お金ではなく「サービスを配る」がなぜいいのか お金持ちにもサービス給付で格差がうまる理由
まさにそのとおりです。EUに加わっているヨーロッパの国々を見てください。日本の消費税にあたる付加価値税の最低税率は15%です。 ですが、イギリスと旧東欧諸国を除くと、日本よりも税率の高いこれらの国々のほうが、所得格差は小さいです。 なぜそうなるのでしょうか。日本では、消費税は貧しい人の痛みが大きな税だと言われるだけに、意外に聞こえるかもしれません。 実は、お金持ちはほんのひとにぎりしかいません。どんなに多額の税をかけても、入ってくる税収はたかがしれています。
ですから、貧しい人も含めてみんなが払う付加価値税を使い、豊かな税収をいかして幅広い層の暮らしを支えつつ、同時に貧しい人たちの暮らしも守っていく、そういう現実路線がEU加盟国ではとられたのです。 フランス主税局の官僚だったフィリップ・ルビロアさんは、1972年、いまから50年以上前の来日講演で次のように話しています。 「逆進的な税しか採用していない国でもその収入で社会保障を積極的に行っているのであれば、その国全体としては逆進的ではない」
このヨーロッパの常識がなかなか日本には通じないのがしんどいところです。 もちろん、お金持ちにより多くの負担を求めることには、僕も大賛成です。

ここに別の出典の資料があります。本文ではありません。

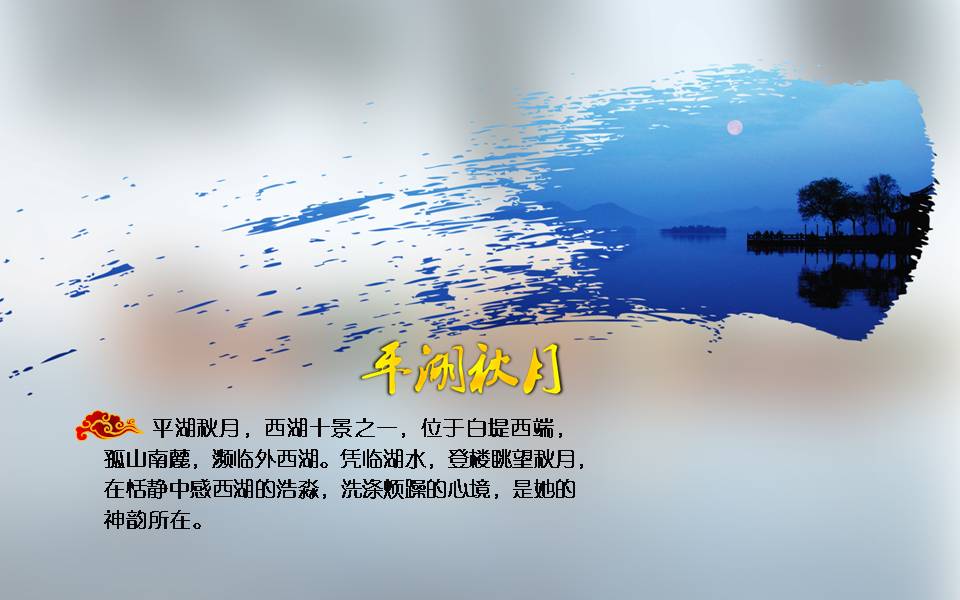 时尚简约清新西湖旅游景点ppt模板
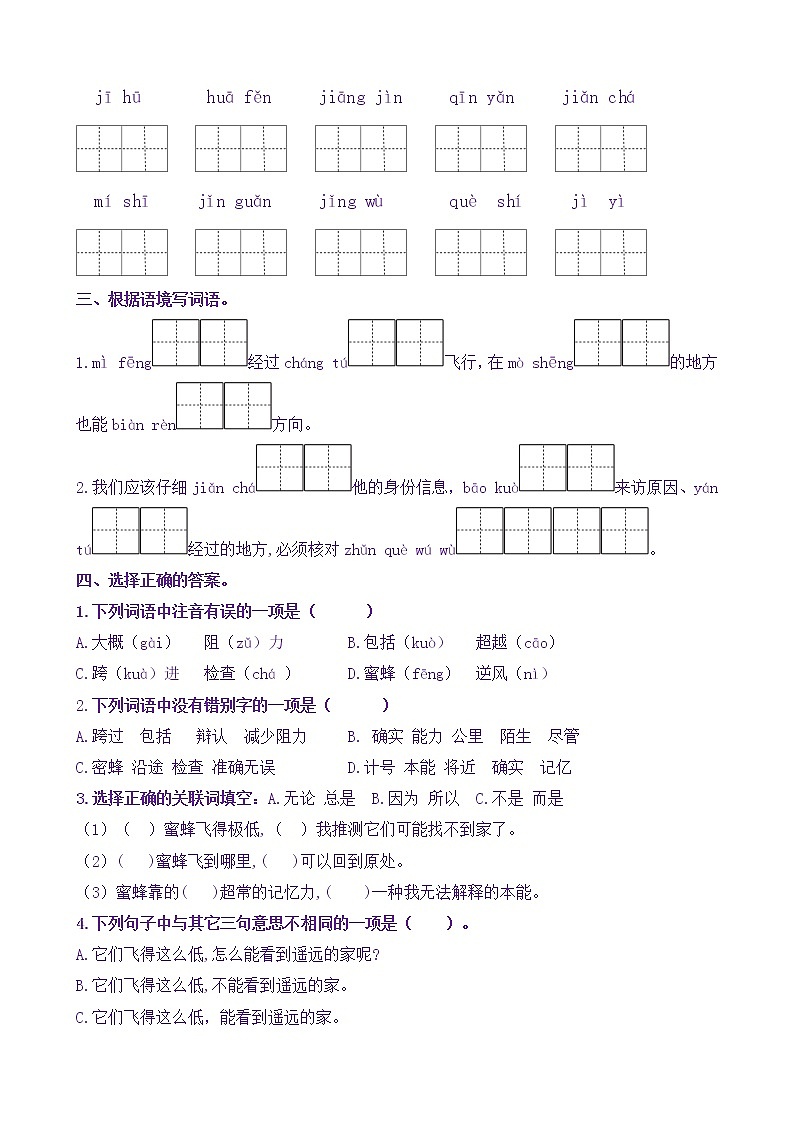【新课标】三语下14《蜜蜂》核心素养分层学习任务单(含答案) 试卷02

ただし、ひとつだけ、重要な事実を確認しておきたいと思います。 政治学者ケネス・シーヴとデイヴィッド・スタサヴェージは、『金持ち課税』という本のなかでこう指摘しています。 戦後しばらくのあいだ、お金持ちへの重税と貧しい人たちへの保障の組みあわせに説得力があったのは、戦争中に犠牲を払った者は補償されるべきであり、戦争から利益を得たものは課税されるべきだという考え方があったからだ、と。
「金持ちに重たい税を」という常識は、時間の流れとともに先進国のなかで風化していきました。日本でも貧しさの記憶が人びとから消えつつあります。 だからこそ、1980年代以降、先進国では富裕層や大企業への重税が少しずつ緩和され、日本もその例外ではいられなかったのです。 ■痛みの分かちあいを 僕にとって大事なのは、つらい思いをしている人たちのいま、です。 金持ち憎しだけでは税は取れませんし、税が取れなければ、生活に苦しんでいる人たちの暮らしは改善できません。
だからこそ、金持ちを批判する日本の左派は「借金をしてバラまけ」と言うわけですが、そうした政策は多くの問題を含んでいます。 税制改革の基本的な方向性は、消費税を軸として十分な税収を確保しながら、低所得層もふくめて負担者になるわけですから、きちんと応分の負担をするよう、お金持ちや大企業を説得する、そんな《痛みの分かちあい》なのではないでしょうか。